Antiquary and folklorist

Percy Manning (1870–1917) was a British antiquary, folklorist, and archaeologist, with a special interest in Oxfordshire.

== Early life ==
Percy Manning was born in Headingley, West Yorkshire, to John Manning (1830–1874), a boilermaker, and his wife Sophia Gotobed (1833–1914). John Manning died when Percy Manning was four years old. In 1880, the family moved to Watford. Manning attended preparatory school in Hove, before attending Clifton College in Bristol in 1884. He matriculated to New College, Oxford in 1888.

Manning performed poorly at university. He received a third in classical moderations in 1890, failed literae humaniores in 1892, before being removed from college in 1893. Following this, he continued his studies at a private tutorial college, Marcon's Hall, and gained degrees in 1896, when he was elected to the Society of Antiquaries.

Manning suffered from severe aphasia which may have hindered his academic career. It is believed, however, that his interest in activities outside of the curriculum were also significant. He developed a strong interest in antiquities and archaeology early in his university career, where he was honorary secretary of the Oxford Architectural and Historical Society, and a founding member of the Oxford University Brass Rubbing Society. During his 1892 examinations, he was excavating at Alchester.

== Collections ==
Percy Manning began to collect in the 1890s, through archaeological fieldwork, gathering oral histories, and purchasing rare books and manuscripts. He donated artefacts to the Ashmolean Museum, Pitt Rivers Museum, and the Bodleian Library at this time. He had a particular interest in Oxfordshire, collecting items from over 400 localities in the county and providing 185 items to the OAHS's 1894 exhibition of Oxfordshire antiquities.
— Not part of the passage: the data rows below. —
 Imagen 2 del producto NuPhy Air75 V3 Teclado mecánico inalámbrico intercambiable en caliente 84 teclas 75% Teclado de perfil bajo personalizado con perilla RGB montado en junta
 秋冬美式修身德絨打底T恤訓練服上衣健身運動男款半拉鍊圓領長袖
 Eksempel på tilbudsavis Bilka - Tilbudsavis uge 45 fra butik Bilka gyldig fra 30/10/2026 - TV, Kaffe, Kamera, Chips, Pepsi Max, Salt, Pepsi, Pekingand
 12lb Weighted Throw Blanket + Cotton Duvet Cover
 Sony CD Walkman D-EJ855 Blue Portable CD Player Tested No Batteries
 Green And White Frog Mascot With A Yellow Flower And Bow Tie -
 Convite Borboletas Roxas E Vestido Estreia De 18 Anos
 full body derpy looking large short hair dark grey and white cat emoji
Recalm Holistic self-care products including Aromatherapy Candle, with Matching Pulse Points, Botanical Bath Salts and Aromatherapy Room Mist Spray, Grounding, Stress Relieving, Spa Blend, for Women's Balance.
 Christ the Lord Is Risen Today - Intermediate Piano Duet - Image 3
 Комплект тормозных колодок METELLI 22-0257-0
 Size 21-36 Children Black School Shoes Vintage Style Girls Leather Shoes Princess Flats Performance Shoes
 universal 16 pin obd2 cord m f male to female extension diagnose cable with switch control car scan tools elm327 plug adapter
Manning continued to work in Oxford as an antiquary and archaeologist until his death from pneumonia in 1917. His collection represented traditional antiquarian interests, such as church and manorial history, but he was notably active in his search to record local customs and folklore. He worked with Thomas James Carter, a retired brickmaker and self-taught palaeontologist, as an intermediary who was better able to obtain oral histories from the working people of Oxfordshire.

After Manning's death in 1917, his personal collection was bequeathed to the University of Oxford and divided between the Ashmolean Museum, the Pitt Rivers Museum, and the Bodleian Libraries. The Bodleian's collection consists of about 500 volumes of 19th and 20th century material, consisting of books on the antiquities of Oxfordshire and the University, some manuscripts, and local engravings and drawings.

== The Folklore Society ==
Manning was a member of The Folklore Society from 1896 until 1917. He does not appear to have held office in the society, but he read a paper at a meeting in 1897 on 'Oxford Seasonal Festivals'. He also published articles in their Folklore journal; one an account of May Day in Watford (1893), and four 'Stray Notes on Oxfordshire Folklore'.

== Morris Dancing ==
Manning may be credited with a role in the British folk revival. In 1898, he worked to equip the Headington Quarry Morris dancers for a performance in the Oxford corn exchange. They continued to perform after this event, and their encounter with Cecil Sharp was the beginning of the folk-song revival in England.